Comment 3 for bug 1832915

Revision history for this message
Christian Ehrhardt  (paelzer) wrote :

On a fresh Bionic running with the latest 4.15.0-51-generic I did the following trying to reproduce this issues.
Note: My Host has 128G mem and 40 cores (SMT off)

1. installed numad
2. started the numad service and verified it runs fine
3. I spawned two Guests with 20 cores and 50G each (since there was no particular guest config mentioned I didn't configure anything special)
   I used uvtool to get the latest cloud image
4. cloned stressapptest from git [1] in the guests
   and installed build-essential
   (my guetss are Bionic and that didn't have stressapptest packaged yet)
   Built and installed the tool
5. ran the stress in both guests as mentioned
     $ stressapptest -s 200

Well actually I was just about to start that load (not yet happened) when I realized my numad process has already died:

● numad.service - numad - The NUMA daemon that manages application locality.
   Loaded: loaded (/lib/systemd/system/numad.service; enabled; vendor preset: enabled)
   Active: failed (Result: core-dump) since Mon 2019-06-17 06:12:31 UTC; 2min 23s ago
     Docs: man:numad
  Process: 119546 ExecStart=/usr/bin/numad $DAEMON_ARGS -i 15 (code=exited, status=0/SUCCESS)
 Main PID: 119547 (code=dumped, signal=SEGV)
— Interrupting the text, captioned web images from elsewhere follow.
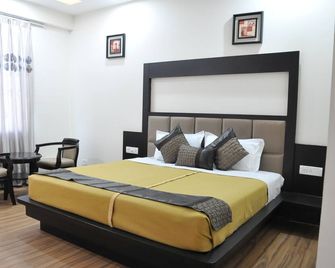 Hotel Orbit - Chandigarh - Soverom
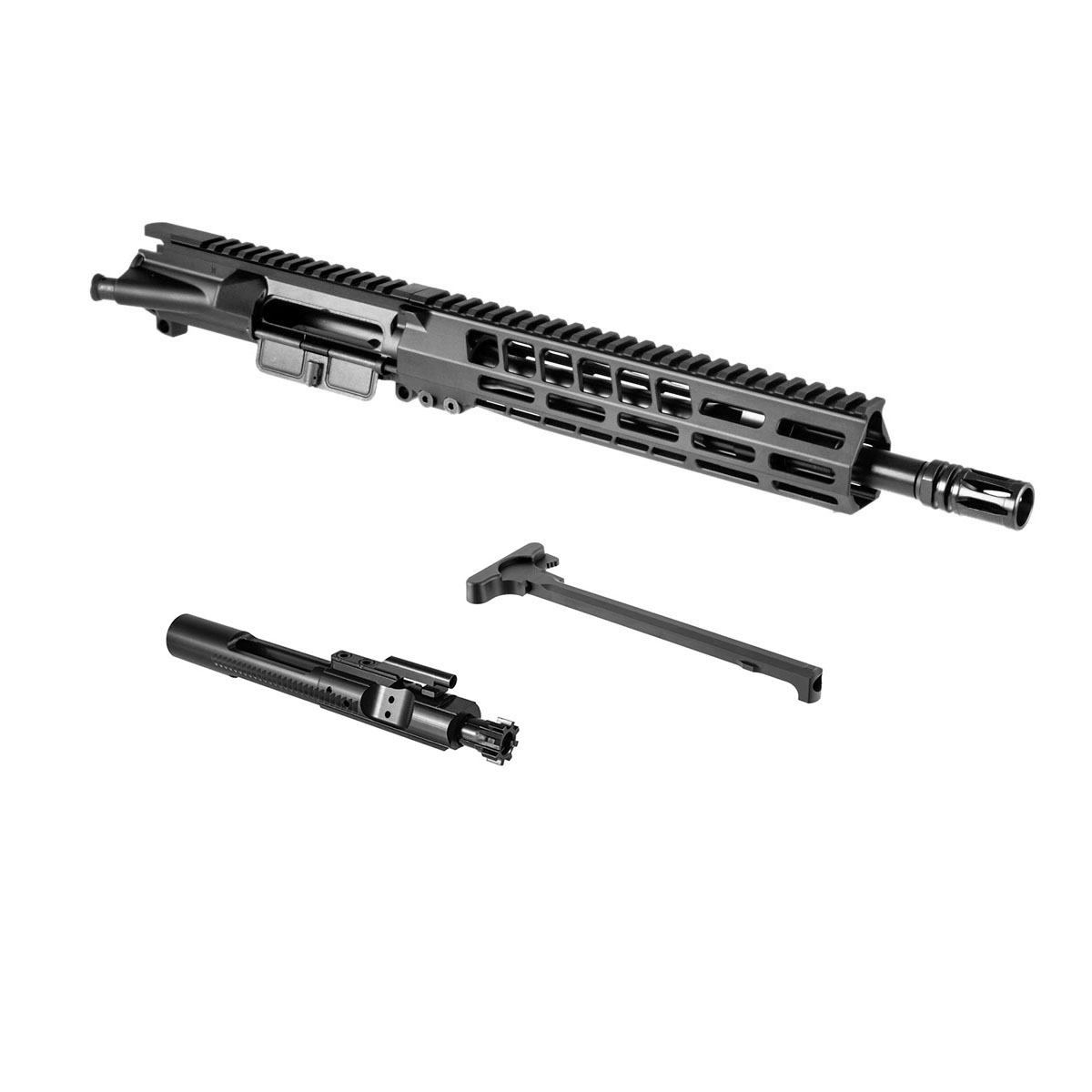 BROWNELLS - BRN-15 11.5" UPPER RECEIVER ASSEMBLY 5.56MM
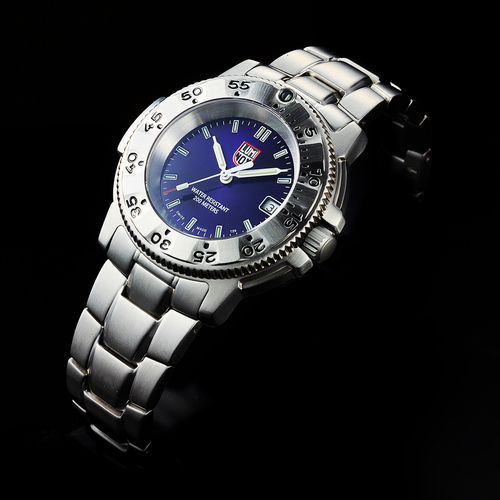 JAPAN LIMITED】NAVY SEAL STEEL 3200 SERIES Ref.3204 JPN LTD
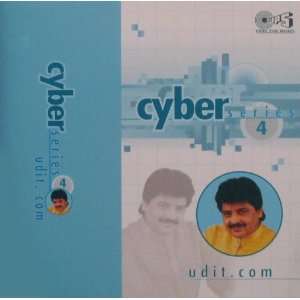  Cyber Series 4   Udit Udit Narayan Music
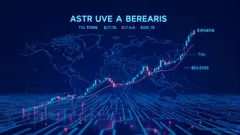 ASTR Price Surge: Is Astar Poised for Long-Term Growth in 2025?
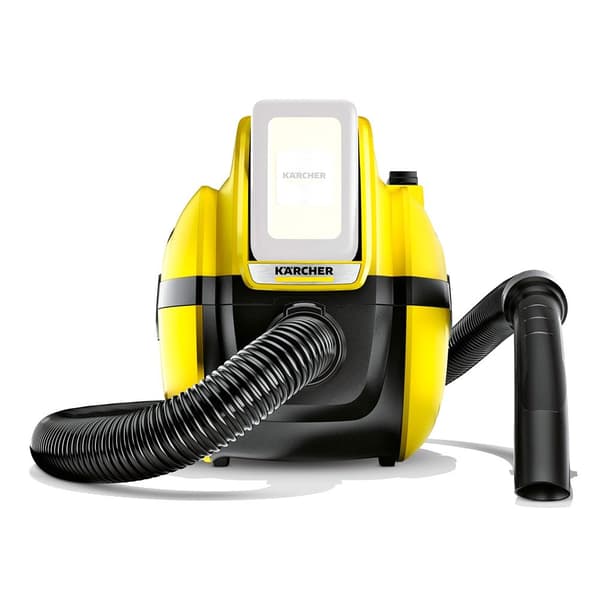 Karcher Dammsugare Wd 1 Compact Gul One Size / EU Plug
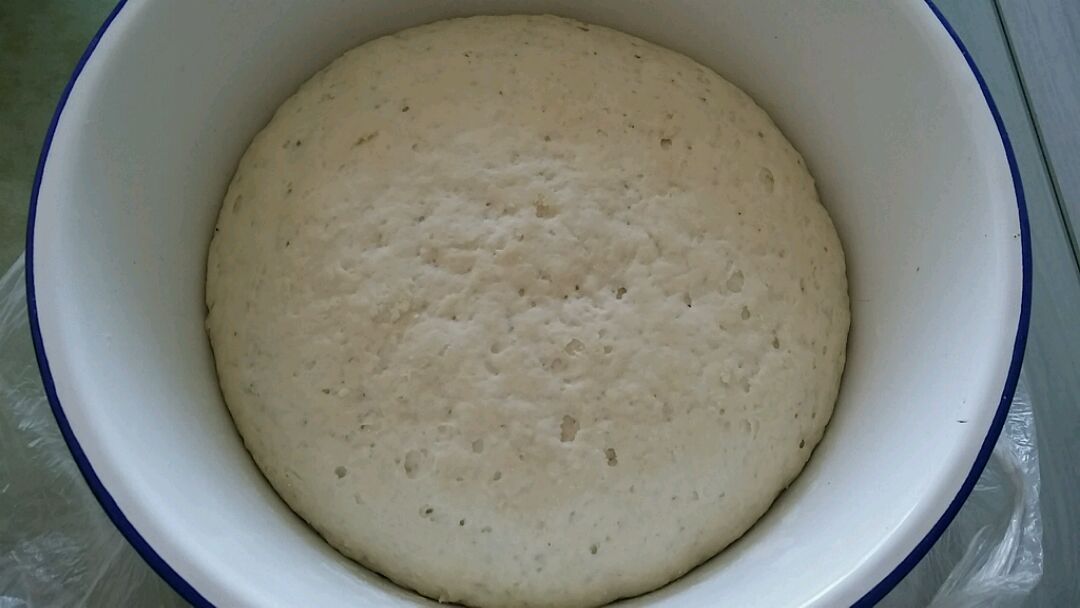 有了它轻松解决和面难题,有了妙招再也不怕发霉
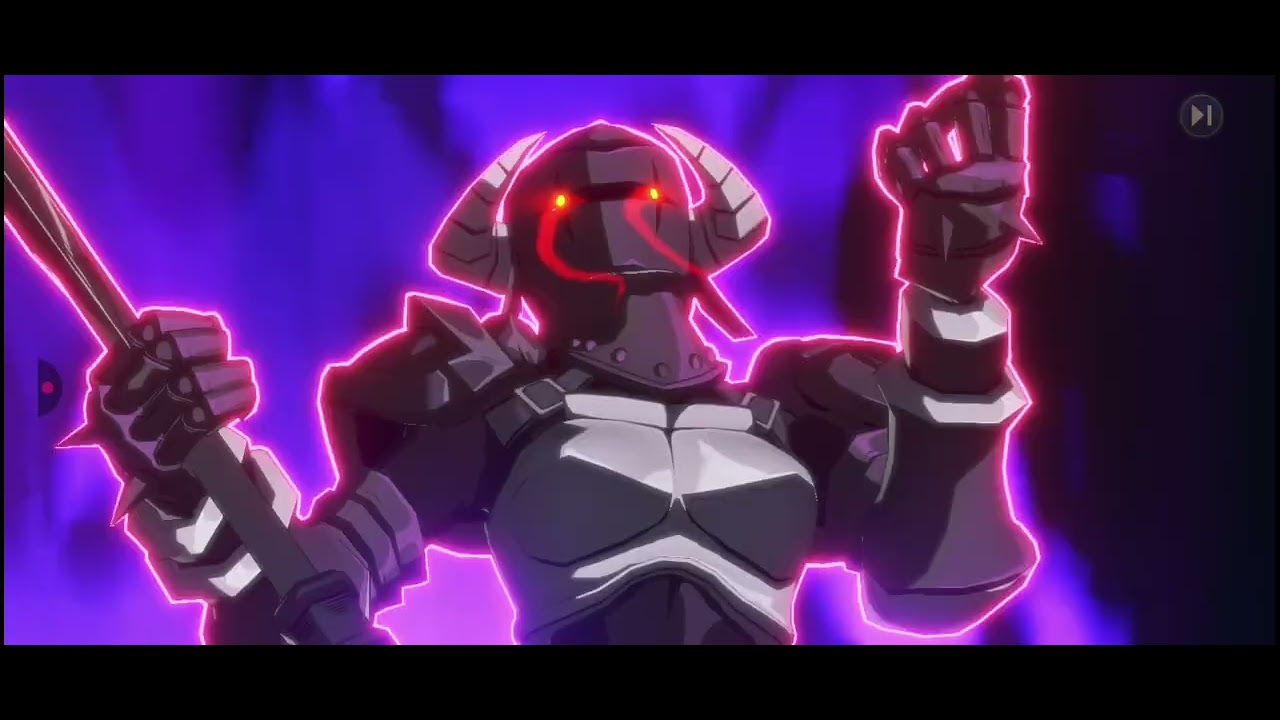 Lord Of Nazarick Defeating Goku team on the Arena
Jun 17 06:00:28 dradis systemd[1]: Starting numad - The NUMA daemon that manages application locality....
Jun 17 06:00:28 dradis systemd[1]: Started numad - The NUMA daemon that manages application locality..
Jun 17 06:12:31 dradis systemd[1]: numad.service: Main process exited, code=dumped, status=11/SEGV
Jun 17 06:12:31 dradis systemd[1]: numad.service: Failed with result 'core-dump'.

So the mem-stress load might help to trigger it, but isn't necessarily required.
After restarting the numad daemon I started the guest load and got the crash again.

While I have no idea yet what exactly is going on lets set this to confirmed at least.

[1]: https://github.com/stressapptest/stressapptest

Initially had PID 119547 and no odd entries in the log.